For intercultural comedian Jesse Appell, stumbling upon the Chinese language—and by extension Chinese comedy—was a turning point in his life. “As I understand Chinese more and more, other things about Chinese culture have opened up to me,” he says. “I started by learning characters, but as I learned them, I found I could start reading and writing about interesting things like comedy…it’s a cool process to discover things I don’t yet understand.”
Since graduating college in 2012, Appell has lived in Beijing for over two years. Commissioned as a Fulbright Research Fellow, he has studied and performed traditional Chinese xiangsheng comedy under the tutelage of master comedian Ding Guangquan. “Ding Laoshi had super high standards and he was the only master in China who taught Xiangsheng to foreigners,” Appell says, “I came to realize how performers see the art forms in addition to learning the forms themselves.”
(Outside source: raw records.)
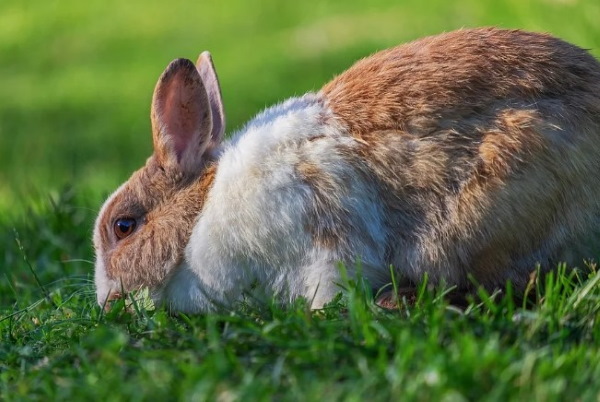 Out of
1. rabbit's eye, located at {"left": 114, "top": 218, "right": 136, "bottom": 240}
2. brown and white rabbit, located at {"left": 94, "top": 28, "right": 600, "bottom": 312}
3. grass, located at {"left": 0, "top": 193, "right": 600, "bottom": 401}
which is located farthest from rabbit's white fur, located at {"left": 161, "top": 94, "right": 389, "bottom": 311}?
rabbit's eye, located at {"left": 114, "top": 218, "right": 136, "bottom": 240}

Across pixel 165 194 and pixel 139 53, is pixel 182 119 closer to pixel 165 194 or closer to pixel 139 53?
pixel 165 194

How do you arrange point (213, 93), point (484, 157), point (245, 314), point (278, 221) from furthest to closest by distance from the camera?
point (213, 93), point (278, 221), point (484, 157), point (245, 314)

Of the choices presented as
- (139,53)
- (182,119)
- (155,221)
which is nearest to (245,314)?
(155,221)

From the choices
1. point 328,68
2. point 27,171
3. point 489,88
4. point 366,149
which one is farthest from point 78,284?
point 328,68

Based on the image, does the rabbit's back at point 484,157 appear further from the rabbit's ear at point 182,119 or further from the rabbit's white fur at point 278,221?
the rabbit's ear at point 182,119

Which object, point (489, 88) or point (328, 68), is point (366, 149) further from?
point (328, 68)

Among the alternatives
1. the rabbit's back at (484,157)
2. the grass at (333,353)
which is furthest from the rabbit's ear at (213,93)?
the grass at (333,353) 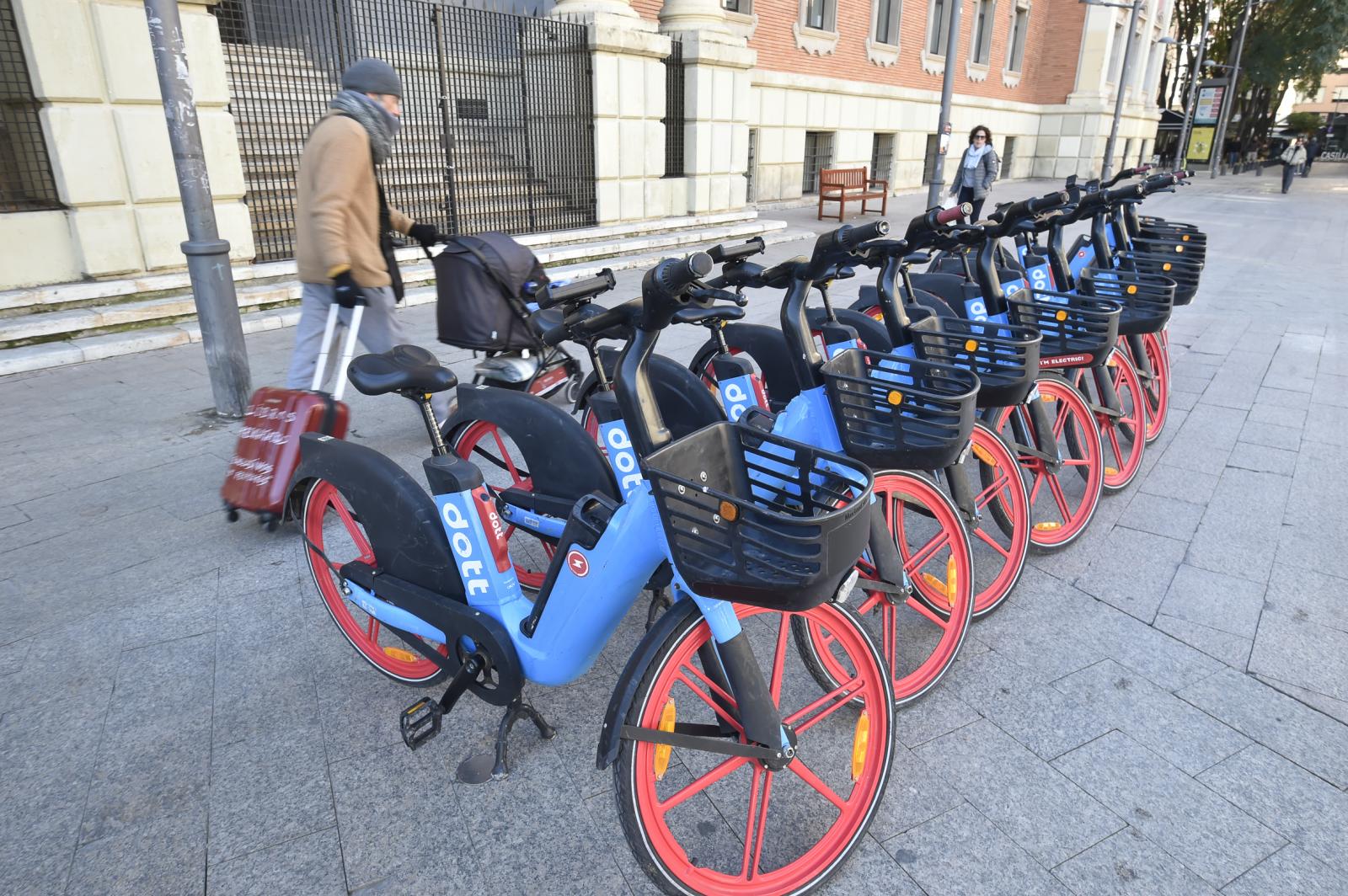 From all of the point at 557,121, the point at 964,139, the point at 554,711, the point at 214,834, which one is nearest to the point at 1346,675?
the point at 554,711

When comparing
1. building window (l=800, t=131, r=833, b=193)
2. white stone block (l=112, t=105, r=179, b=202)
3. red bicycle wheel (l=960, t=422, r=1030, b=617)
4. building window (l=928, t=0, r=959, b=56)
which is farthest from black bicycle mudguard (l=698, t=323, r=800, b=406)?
building window (l=928, t=0, r=959, b=56)

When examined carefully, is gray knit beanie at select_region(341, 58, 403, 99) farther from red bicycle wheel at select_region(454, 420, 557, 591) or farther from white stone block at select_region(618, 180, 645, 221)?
white stone block at select_region(618, 180, 645, 221)

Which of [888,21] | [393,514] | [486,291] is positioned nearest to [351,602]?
[393,514]

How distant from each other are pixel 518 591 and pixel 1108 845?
161 centimetres

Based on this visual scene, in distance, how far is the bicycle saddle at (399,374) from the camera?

This rare formal schooling in xiangsheng has helped Appell stand out as a unique comedian when touring the US. His original content, which also includes stand-up and improvisational comedy, has been broadcast on BBC and PBS, in addition to receiving millions of views on Chinese television and Youtube. He is currently traveling through the US and Canada for his tour: “The Great LOL of China”.
Appell is a big proponent of producing original content, despite obstacles in China’s entertainment industry. According to him, because many Chinese studios lack faith in creating original content, they prefer to localize other country’s works, leaving little room for creativity. Combined with being a foreigner in China, where the situation is “like what Chinese-Americans faced in Hollywood in the 1950s,” Appell tells us that even though opportunities can be limited, this doesn’t bother him. “It’s fun because I’m one of the few that gets to create content on foreigners that’s not tied to it being foreigner-specific,” he says “It’s just funny [for everyone].”
For Appell, the value of original comedic content thus lies not only in changing the landscape of Chinese entertainment, but because it’s what he loves. “The question I always ask myself is how to be unique…I want my material to be very specifically me.”
As for his future hopes, Appell dreams of growing both his Chinese and US audiences. After all, he remarks, “Building a world where China and America live together will take more than creating business and political relationships. What better way is there to connect with someone than to laugh with them?”